@mark
It's mainly about the inlining. Yes, it can have that big an effect.
C++ templates much exacerbate that effect, when you have templates calling templates calling templates, you can get thousands of pointless function calls without inlining.
Then why not use something like -march=i686 -msse -msse2? That would enable gcc to use cmov and sse/sse2 instructions and the binaries would still run on a P4.This change is mainly to benefit 32-bit systems where SSE support can't be assumed by default, but with the i965 driver, more often than not it can be assumed an Intel Core 2 processor or newer is in use. (The older Intel processors are generally using the i915 driver.) By setting the -march=core2 flag, for i386 builds SSE would now be used for floating-point math and cmov instructions, plus other performance optimizations.
[...]
This patch was ultimately rejected since it turns out there's still some old Pentium 4s that could be found in an i965 driver configuration where things might break.
@mark
It's mainly about the inlining. Yes, it can have that big an effect.
C++ templates much exacerbate that effect, when you have templates calling templates calling templates, you can get thousands of pointless function calls without inlining.
-Os is slower in some cases, tried it now on r200 and immidiately i can see slower menus in supertuxkart: going through kart chooser for example is slugish, so no go...
From my experiance maybe -O1 is the best for mesa stability, but safe is to just go with -O2 and -pipe that will produce smaller libraries or if you want to play with processor optimisation then add -march=blabla , but always stick with -O2 if you want and to keep driver stability.
Actually, since the functions code would be executed anyway, you should always gain performance from avoiding the new stack entry. The main drawbacks they try to avoid are probably bigger binaries, more memory usage for very large functions.
And it could potentially allow even more optimization with the "neighbouring" code, since it's not isolated in a function anymore. There way too many things to consider in compiler optimization.
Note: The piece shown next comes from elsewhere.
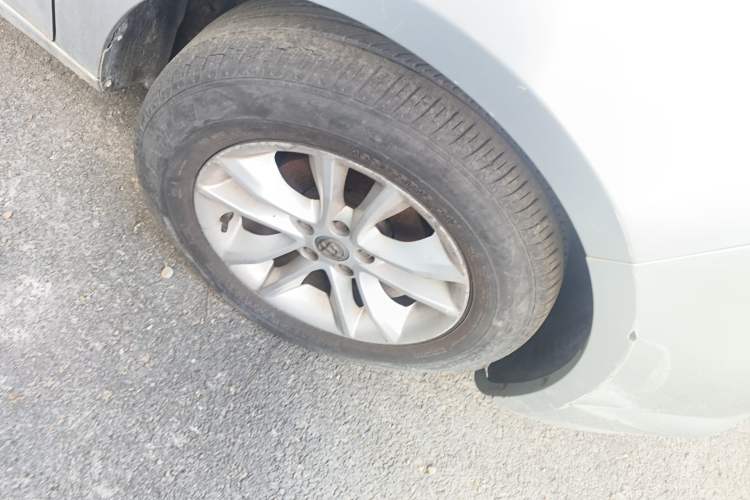 Used Brilliance H330 2013 1.5L Manual Comfort Model Right Front Wheel Hub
It would be nice to have a database/list of programs and their fastest compile flags (depending on the compiler/version of course).
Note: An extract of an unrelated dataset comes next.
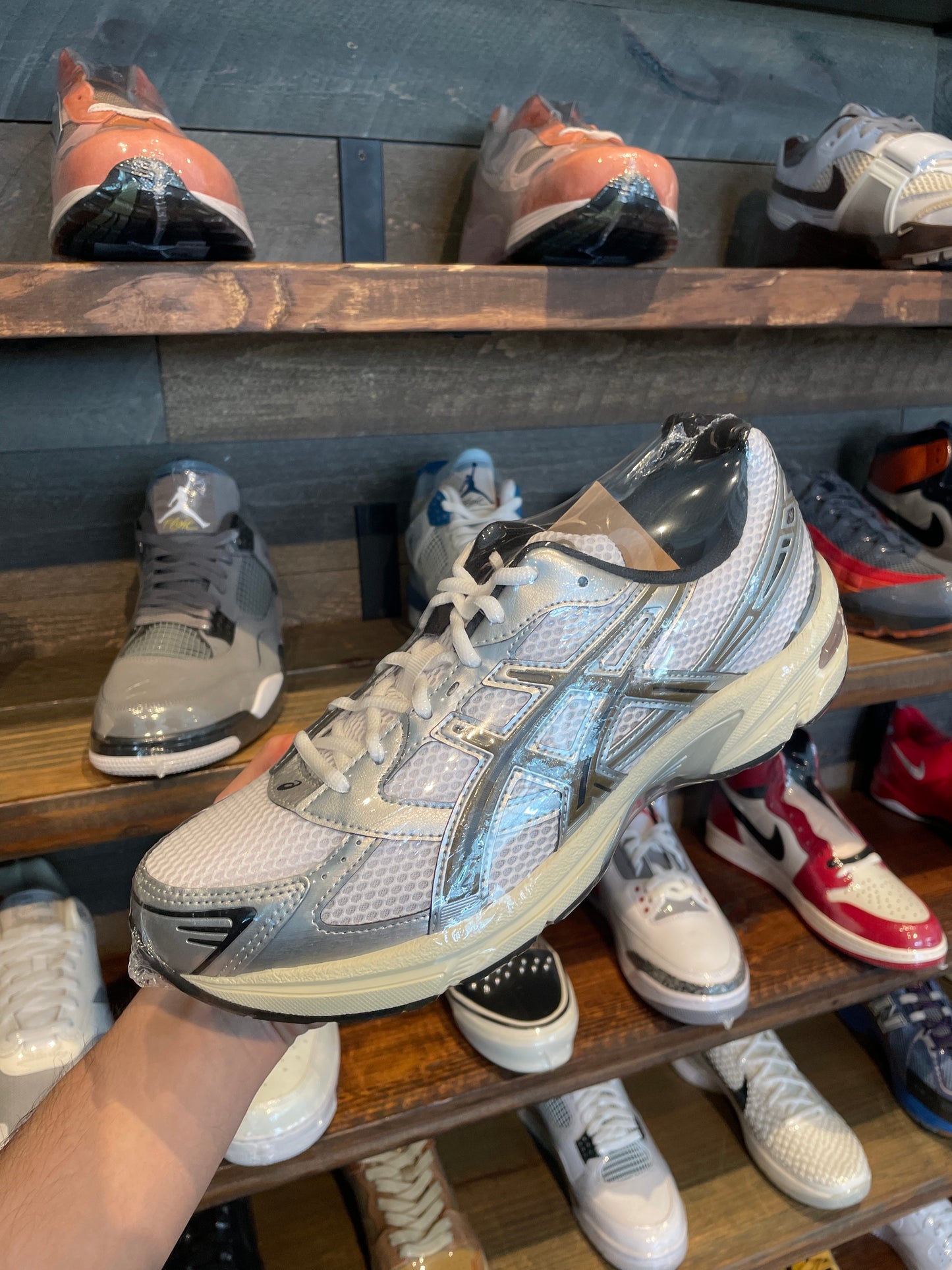 Asics gel 1130 (10.5) Brand New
Question is indeed if mesa is speed limiting step (aka bottleneck) in the whole system here. But it won't hurt to keep my Gentoo CFLAGS like they are. Mainly march set and -O2. In few cases I actually use -Os for VIA CPUs or AMD's old Geode LX. Few packages might dislike messing too much with CFLAGS though.
Stop TCPA, stupid software patents and corrupt politicians!
My understanding is that right now the biggest bottleneck in the oss graphics stack is GEM/TTM. It needs replaced, but I don't think anybody has a good idea on what to replace it with.